If the file is important, do not merely attach it. Ask the agent to produce a coverage map before implementation. Which sections did it read? What are the non-negotiable requirements? What are the visual constants? What should be tested? Which parts are ambiguous? If the file is large, chunk it deliberately. Turn key requirements into fixtures. Use screenshots. Use browser validation. Ask for read-back of the details that matter before the first patch lands.

This is not busywork. It is context verification, the equivalent of asking the guide to point at the route before setting off.
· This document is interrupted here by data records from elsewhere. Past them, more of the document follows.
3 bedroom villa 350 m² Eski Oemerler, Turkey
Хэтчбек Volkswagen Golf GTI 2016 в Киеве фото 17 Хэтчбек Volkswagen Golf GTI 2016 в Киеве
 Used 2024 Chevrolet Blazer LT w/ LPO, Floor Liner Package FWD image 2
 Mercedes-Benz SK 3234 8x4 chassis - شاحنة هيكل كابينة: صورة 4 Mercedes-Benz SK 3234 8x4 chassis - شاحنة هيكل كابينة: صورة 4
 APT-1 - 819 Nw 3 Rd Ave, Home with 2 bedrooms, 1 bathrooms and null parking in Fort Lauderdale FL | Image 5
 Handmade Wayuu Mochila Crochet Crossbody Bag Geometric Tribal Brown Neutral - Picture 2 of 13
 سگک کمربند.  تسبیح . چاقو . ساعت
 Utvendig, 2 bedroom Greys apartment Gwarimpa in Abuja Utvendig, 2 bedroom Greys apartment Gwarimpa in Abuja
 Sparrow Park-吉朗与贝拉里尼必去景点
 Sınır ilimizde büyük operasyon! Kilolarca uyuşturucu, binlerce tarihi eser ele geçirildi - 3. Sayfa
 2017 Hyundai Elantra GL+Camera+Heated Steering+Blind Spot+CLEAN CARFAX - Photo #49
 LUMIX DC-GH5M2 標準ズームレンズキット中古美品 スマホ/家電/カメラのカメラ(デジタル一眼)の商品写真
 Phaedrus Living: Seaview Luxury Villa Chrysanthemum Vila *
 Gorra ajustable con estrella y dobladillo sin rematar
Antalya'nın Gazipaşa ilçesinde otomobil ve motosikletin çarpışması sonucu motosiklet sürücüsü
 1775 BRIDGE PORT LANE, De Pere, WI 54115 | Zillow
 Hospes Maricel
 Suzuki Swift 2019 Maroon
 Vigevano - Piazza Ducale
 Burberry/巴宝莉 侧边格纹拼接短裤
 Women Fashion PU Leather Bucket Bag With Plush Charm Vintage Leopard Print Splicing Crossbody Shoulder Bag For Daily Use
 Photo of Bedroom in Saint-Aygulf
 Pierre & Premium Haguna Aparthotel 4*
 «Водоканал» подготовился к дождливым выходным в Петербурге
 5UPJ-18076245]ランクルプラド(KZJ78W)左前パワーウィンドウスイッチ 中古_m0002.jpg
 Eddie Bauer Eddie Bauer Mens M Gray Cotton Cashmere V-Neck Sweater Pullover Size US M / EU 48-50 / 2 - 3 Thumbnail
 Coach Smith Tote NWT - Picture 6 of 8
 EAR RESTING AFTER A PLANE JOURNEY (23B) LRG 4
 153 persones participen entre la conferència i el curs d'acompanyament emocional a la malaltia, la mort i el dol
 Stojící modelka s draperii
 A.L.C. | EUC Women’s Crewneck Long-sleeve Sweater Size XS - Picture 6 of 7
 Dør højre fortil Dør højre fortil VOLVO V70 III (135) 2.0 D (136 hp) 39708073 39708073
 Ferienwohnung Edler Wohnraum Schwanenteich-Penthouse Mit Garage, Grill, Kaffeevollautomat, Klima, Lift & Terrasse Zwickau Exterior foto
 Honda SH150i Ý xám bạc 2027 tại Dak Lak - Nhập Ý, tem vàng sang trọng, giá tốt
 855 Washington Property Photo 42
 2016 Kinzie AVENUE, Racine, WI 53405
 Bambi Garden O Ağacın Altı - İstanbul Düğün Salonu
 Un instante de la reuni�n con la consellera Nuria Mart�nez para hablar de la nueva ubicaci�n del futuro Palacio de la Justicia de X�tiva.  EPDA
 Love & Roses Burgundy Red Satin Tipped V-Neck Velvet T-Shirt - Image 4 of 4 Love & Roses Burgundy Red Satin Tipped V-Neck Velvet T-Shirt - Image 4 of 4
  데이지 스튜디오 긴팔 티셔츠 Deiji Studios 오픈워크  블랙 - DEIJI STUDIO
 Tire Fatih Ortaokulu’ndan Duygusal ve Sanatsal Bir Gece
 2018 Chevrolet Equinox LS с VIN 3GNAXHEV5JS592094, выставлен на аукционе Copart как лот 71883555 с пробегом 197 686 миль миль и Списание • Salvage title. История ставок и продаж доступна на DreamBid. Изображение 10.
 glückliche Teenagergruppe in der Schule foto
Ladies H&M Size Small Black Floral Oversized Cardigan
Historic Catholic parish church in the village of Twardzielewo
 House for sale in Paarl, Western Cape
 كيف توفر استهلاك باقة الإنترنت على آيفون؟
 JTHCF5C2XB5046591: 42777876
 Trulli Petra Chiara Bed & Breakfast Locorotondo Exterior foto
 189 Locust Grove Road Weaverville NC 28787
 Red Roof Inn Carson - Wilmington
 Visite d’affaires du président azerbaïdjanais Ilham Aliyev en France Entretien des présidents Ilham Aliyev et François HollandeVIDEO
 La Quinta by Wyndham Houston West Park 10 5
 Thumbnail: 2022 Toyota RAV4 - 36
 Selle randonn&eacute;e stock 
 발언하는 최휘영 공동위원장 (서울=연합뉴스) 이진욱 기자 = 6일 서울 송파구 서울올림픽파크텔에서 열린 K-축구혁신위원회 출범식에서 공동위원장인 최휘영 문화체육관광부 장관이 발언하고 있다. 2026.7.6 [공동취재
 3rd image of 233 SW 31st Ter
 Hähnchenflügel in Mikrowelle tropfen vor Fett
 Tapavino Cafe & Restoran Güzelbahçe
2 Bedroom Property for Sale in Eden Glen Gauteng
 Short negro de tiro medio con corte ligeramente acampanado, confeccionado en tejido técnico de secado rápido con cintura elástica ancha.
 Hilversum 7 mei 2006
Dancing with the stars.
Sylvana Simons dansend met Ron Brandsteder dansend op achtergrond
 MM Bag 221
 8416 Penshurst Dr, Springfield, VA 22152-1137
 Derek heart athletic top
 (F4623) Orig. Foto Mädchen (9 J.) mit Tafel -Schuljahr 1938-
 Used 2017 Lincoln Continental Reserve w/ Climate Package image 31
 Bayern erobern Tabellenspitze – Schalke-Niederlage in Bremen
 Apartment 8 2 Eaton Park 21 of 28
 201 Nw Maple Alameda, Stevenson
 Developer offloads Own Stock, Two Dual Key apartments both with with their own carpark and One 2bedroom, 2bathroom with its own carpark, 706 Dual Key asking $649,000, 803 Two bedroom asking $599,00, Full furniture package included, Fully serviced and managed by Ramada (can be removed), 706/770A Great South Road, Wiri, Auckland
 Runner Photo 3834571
The same habit applies to architecture docs. A twenty-page protocol design can contain one paragraph that changes everything. If the agent misses that paragraph, it may build the wrong thing with great confidence. The solution is not to yell “read carefully” in all caps. The solution is to create a workflow where careful reading leaves artifacts.

Summaries are not enough either. A summary can preserve the idea and lose the constraint. Design often lives in constraints: exact spacing, collapse behavior, empty states, animation timing, ordering, disabled states, what not to show, when to hide the internal chatter. Those are the first things to vanish when context gets compressed.

The uncomfortable conclusion is that long-form instructions need tests just like code.

If a UI pattern matters, create a rendered fixture and compare against it.

If a protocol rule matters, create a regression case.

If a writing voice matters, provide representative passages and ask for a style inventory, not just “write in my voice.”

If a document is large, make the agent prove it has not only seen it, but internalized the parts that will make the work succeed.

This is especially relevant for the field journal work itself. If these entries are supposed to represent my actual sessions, then the archive cannot become atmospheric context. It has to become evidence. Dates, prompts, incidents, root causes, corrections, all traceable.

Otherwise the same bug repeats at the level of memory: the agent will write something plausible, it may even sound good, and none of that will matter if plausible is not the standard.

Hand-drawn notebook detail plate showing large document budgets, coverage map, and missing clauses.
FIG. 02 — LARGE DOCUMENT BUDGETS, COVERAGE MAP, AND MISSING CLAUSES.

Field note

The new rule is that important instructions need an ingestion check: before implementation, ask for a map; before trusting the map, spot-check the source; before publishing the result, remove anything that cannot be traced.

This makes the workflow slower, which is fine; some things should be slower, and accuracy is one of them.